For the Department to continue to build on that success, the families who foster and adopt must be supported in what is often a complex and challenging role of caring for a child who has experienced loss and trauma.

 

That's where CAFAF steps in.

 

Incorporated in 1995 under a different name and granted non-profit status later that year, CAFAF opened an office in Hartford, established a newsletter and offered meeting and training opportunities for foster parents. The next year, the organization expanded services to include post-licensure training, a 24-hour telephone support line, and a "Buddy Program" that uses experienced foster parents as mentors for new ones. That year, CAFAF also hired liaisons assigned to Department regional offices to help support foster parents locally. In 1998, CAFAF moved to its current location in Rocky Hill.

 

Services continued to expand as the years passed:

  • Providing support groups, home studies for respite care, an annual conference and satisfaction survey, retention events, and helping the Department host open houses (2003);
  • Serving as the point of contact for the Department's KID-HERO recruitment line (2005);

  • Hosting the "Avenue of Dreams" prom event for adolescent girls (2009) and co-hosting the Department's first statewide Kinship Care Conference (2015); and

  • Expanding post-licensure training to include several online modules (2019).

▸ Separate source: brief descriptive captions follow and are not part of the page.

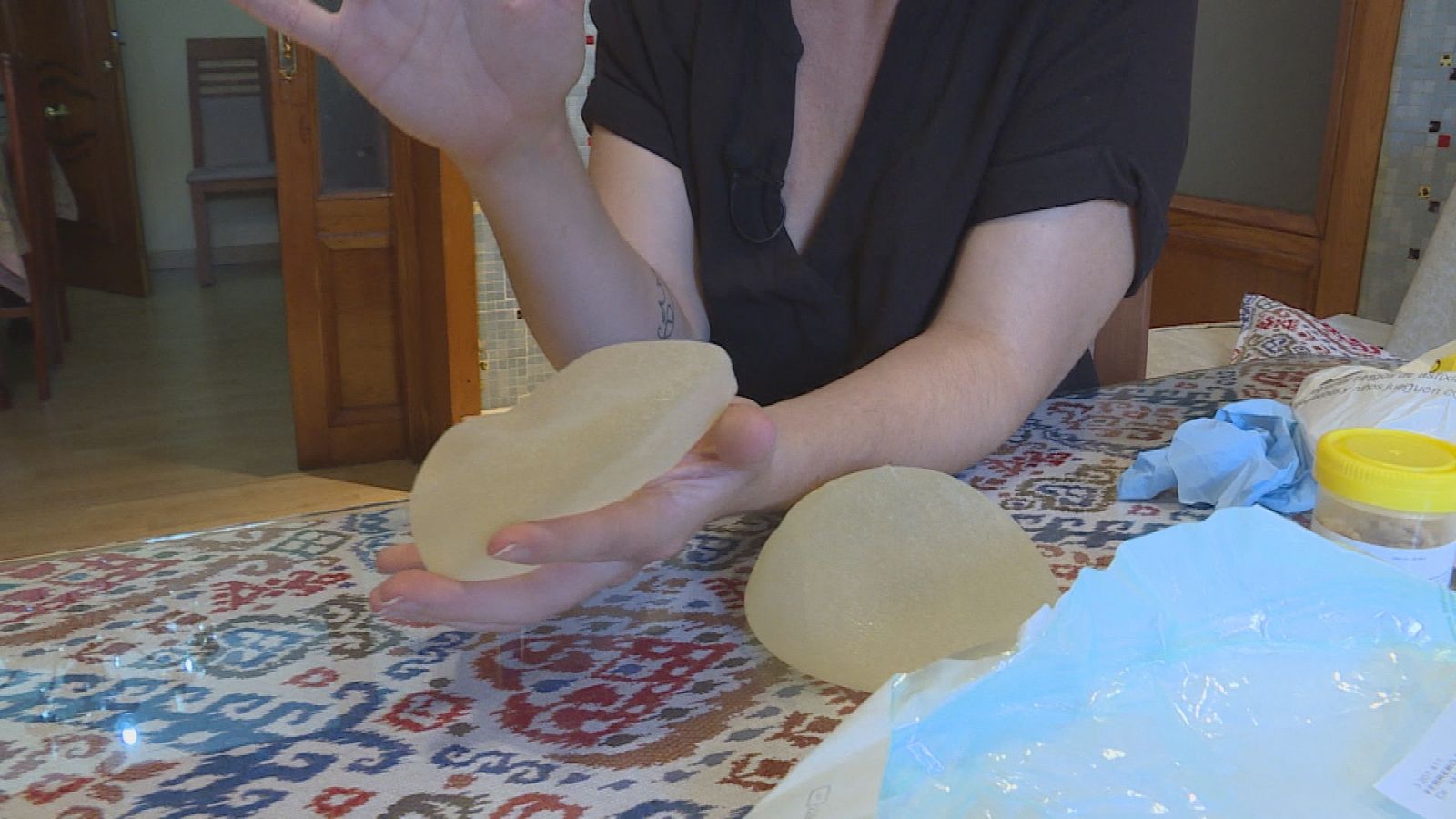 Beatriz nos muestra los implantes mamarios que tuvo que explantarse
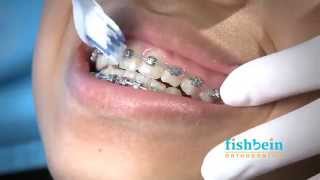 Orthodontic Home Care Instructions  Braces  Brushing [upl. by Attenyl]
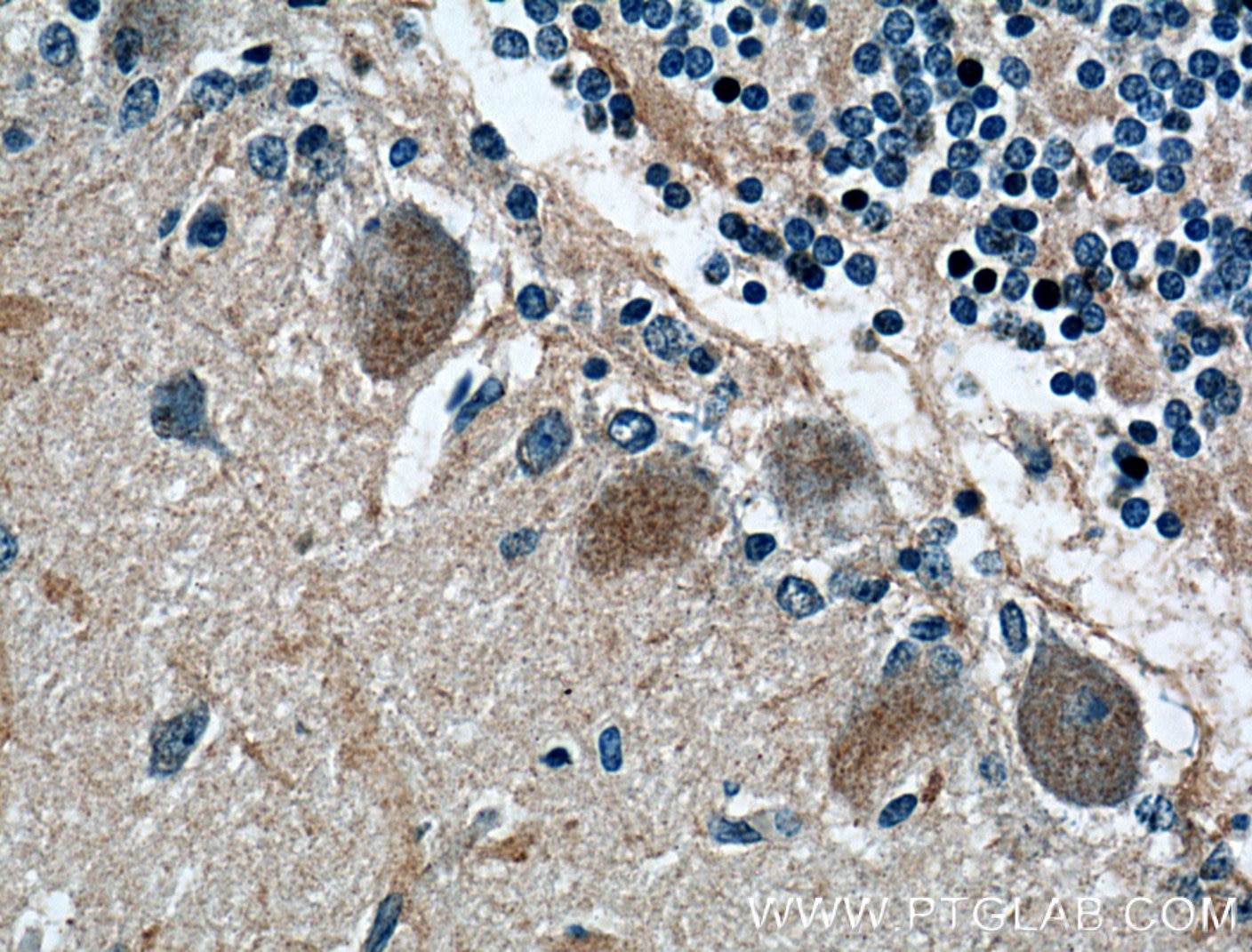 Immunohistochemistry (IHC) staining of human cerebellum tissue using MTMR2 Polyclonal antibody (14372-1-AP)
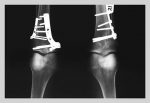 Fixed Tibia
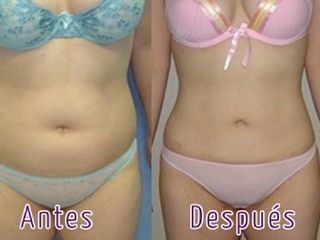 Antes y después de lipoescultura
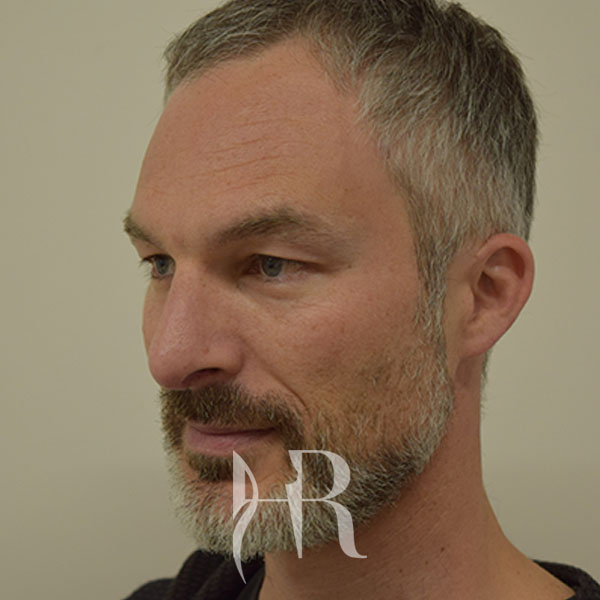 HR Plastic Surgery - Nose Reshaping (Rhinoplasty) patient after 2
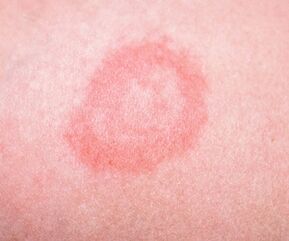 Céim tosaigh psoriasis
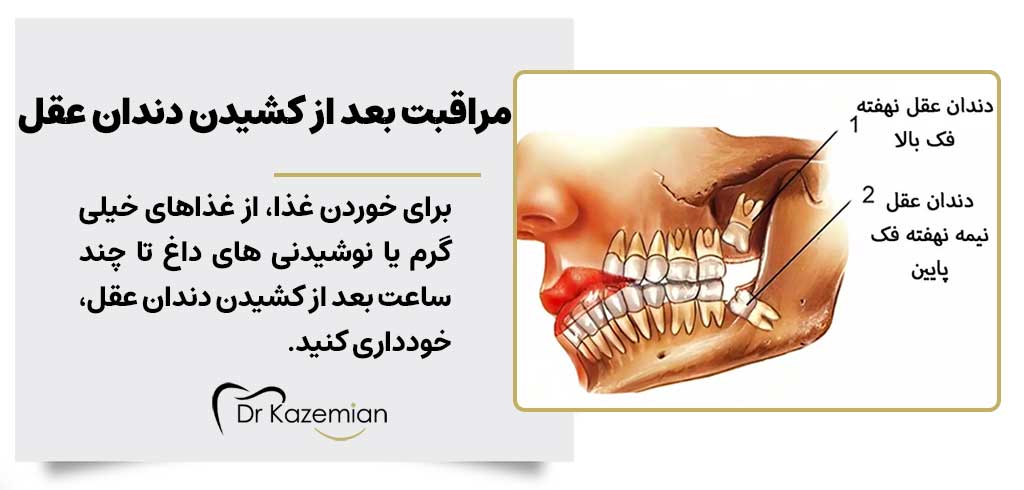 مراقبت بعد از کشیدن دندان عقل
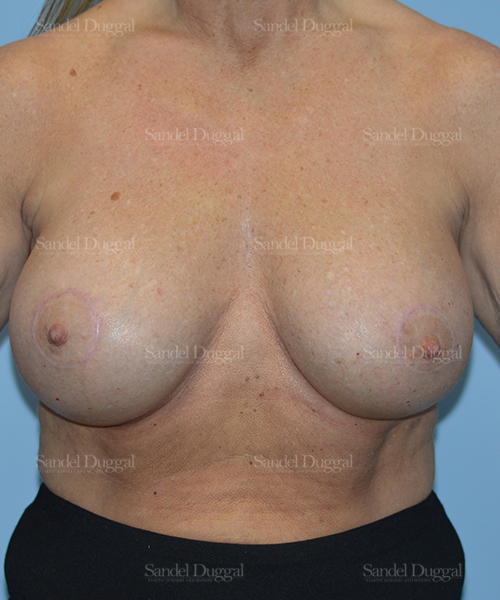 breast augmentation with lift patient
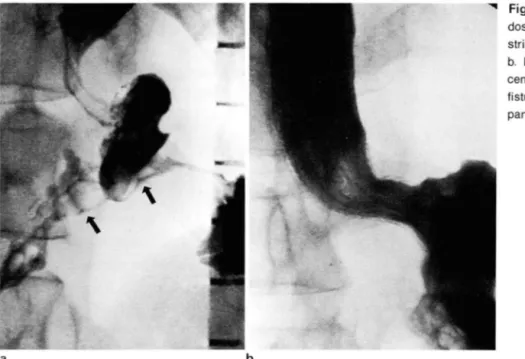 Fig . 2 . a.  Esophagogram  shows  severe esophageal  stricture  at esophagogastric junction 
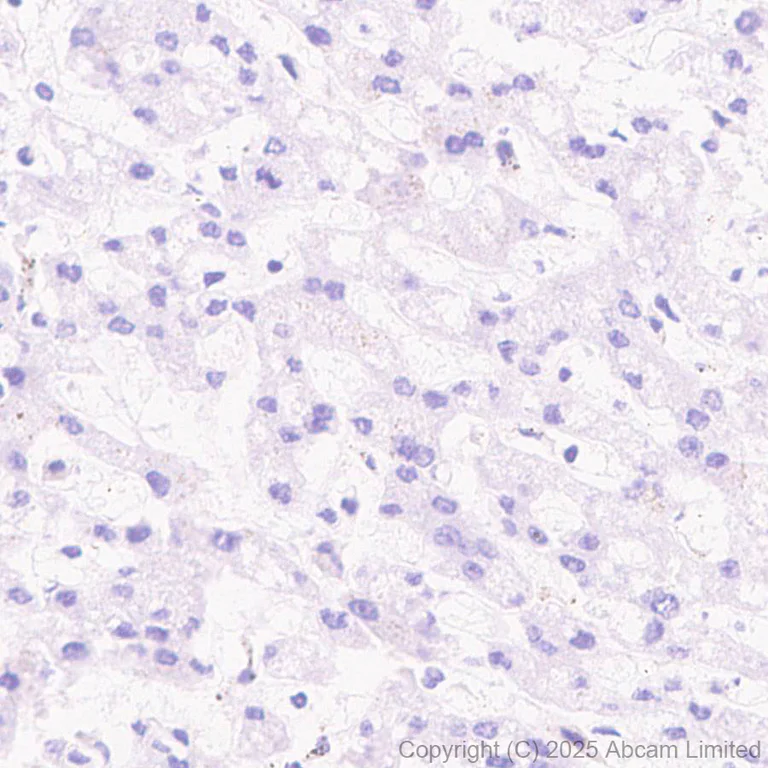 Immunohistochemistry (Formalin/PFA-fixed paraffin-embedded sections) - Anti-IMPDH1 antibody [EPR30383-519] (AB325431)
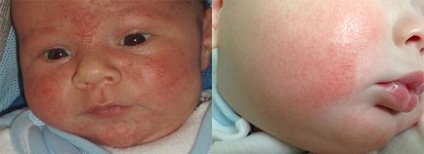 Alergia pe fața copilului și cauzele adulților, simptome, tratament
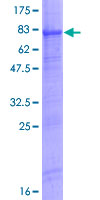 WIPI2 Protein - 12.5% SDS-PAGE of human WIPI2 stained with Coomassie Blue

 Despite taking on so many responsibilities, Ms. Doherty said the organization has slimmed down staffing since she took the lead role in 2012 after representing CAFAF as one of her private law practice clients. There are now 23 staff members with one vacancy, and nearly all of them have experience as a foster or adoptive parent.

 

"We know what it's like," she said. "If you are having a hard time, you can call us and unload, and we can honestly say we know what you are feeling."

 

That real-life experience is present on the CAFAF board of directors as well. Gary Gizowski, the CAFAF board president, is an adoptive father who himself received the organization's support.

 

"CAFAF was an invaluable source of support and guidance during the adoption process for my daughter, Brynn," Mr. Gizowski said. "They made the experience very human and personal."

 

He said serving families needs to continue to be front and center going forward. "My vision for CAFAF is to strengthen its ability to be that 'one stop shop' for all foster and adoptive families in Connecticut -- giving them the necessary advocacy, education and support they need in caring for Connecticut's foster and adoptive children."

 

In addition to leadership and staff with lived experience, Ms. Doherty also credited a strong relationship with the Department as a basis for the organization's success. She said the current administration under Commissioner Vannessa Dorantes has a strong appreciation of how difficult it can be for a family to live with the bureaucratic rules and processes that come from licensing and oversight by any government institution. Ms. Doherty also said she knows from foster family support organizations in other jurisdictions that many do not receive a lot of help or assistance from their government child welfare agencies.

 

"There are states that don't give any support to their foster parent organization," Ms. Doherty said, noting that some jurisdictions don't even share information regarding who is licensed or whose license has expired with the support group.

 

She also noted that Department social workers are committed to the children on their caseloads. "I know of a lot of kids in DCF care who are emotionally connected to their social workers," she said. "I want to give credit where credit is due."

 

Foster and adoptive parents have their own stories about life-long connections.  Some former children in care of a foster parent will connect with them again years later - including some who are now parents themselves.

 

"It's amazing, the kids who were their foster kids and are now adults who keep in touch with them and seek their advice," Ms. Doherty said. "It is very endearing. Relationships matter. We can have systems. But what really makes it all work is relationships."

 

CAFAF also strengthens Connecticut's foster care system by building relationships through the "Buddy" program that offers 30 to 40 experienced foster/adoptive parents to serve as mentors for newly-licensed parents. The mentors are assigned to the new families for six months, which can be extended, and the "buddies" check in with them once a week to see how things are going and if they need any assistance, advise or just understanding.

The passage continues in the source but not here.